中学時代からAMラジオを聴き始め、洋楽にハマって高校でFMへと移っていった。J-WAVEが相棒になったのはその頃からだ。
「ラジオの魅力はナビゲーターとの距離が近いことと、音楽との『偶然の出合い』です」
かけていた番組で偶然、出合った曲が、様々なジャンルの音楽に触れるきっかけになる。自然と聴く音楽の幅も広がっていった。
「本か音楽の近くで働きたい」という希望がかない、早稲田大学第一文学部を卒業した99年に入社。スポンサーを探す営業担当を、内勤で長らくサポートした。2011年に編成部へ移り、番組の垣根を越えての企画を立てるなど、営業と制作の橋渡し役に。今年3月、営業部に戻った。2カ所の経験で広がった仕事の視野を、法人の広告営業に生かす。
いま注目しているのは、「タイムフリー」というサービス。スマートフォンやパソコンでラジオが聴けるアプリradiko(ラジコ)上で10月11日から、過去1週間分の番組を配信、その音声をツイッターなどでシェアできるようになるのだ。
深夜番組は「眠くて起きていられない……」という人も多い中、新サービスで深夜番組を聴く人が増えれば、広告主の注目を集め、番組もより活性化されるかもしれない。

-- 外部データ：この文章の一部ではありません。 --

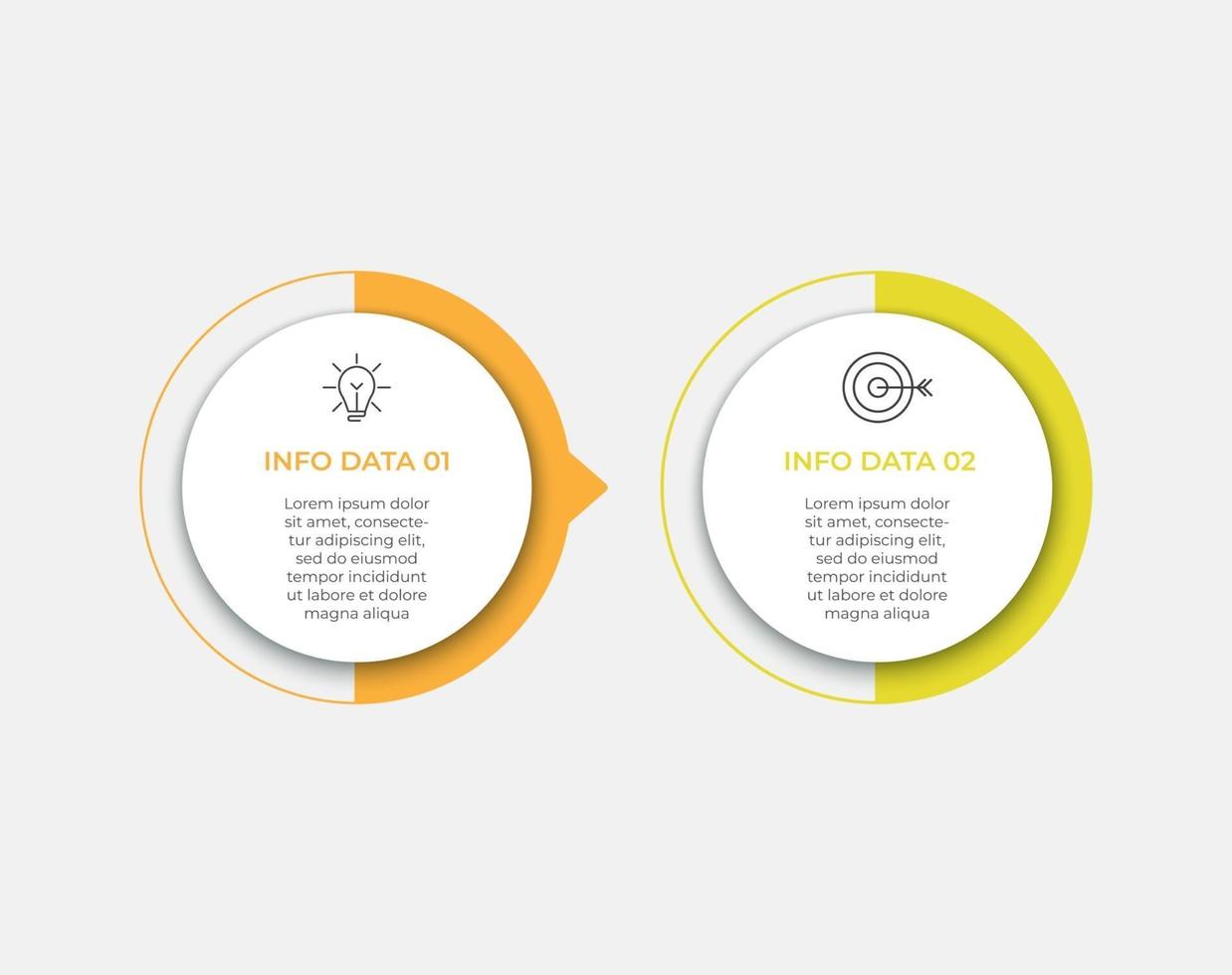 chronologie du modèle infographie entreprise minimale avec options en 2 étapes et icônes marketing vecteur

「これはラジオ界の変革です。リスナーだけではなく広告主にも新しい価値を提供できるようになります」
イベントなどでの出勤がない休日は、家で読書や音楽を聴いたり、趣味のエレキギターを弾いたりして過ごす。娘の中学受験も終わり、一息ついた。かつてファンだった横浜DeNAベイスターズの好調に刺激され、観戦を再開しようかと考えるこのごろだ。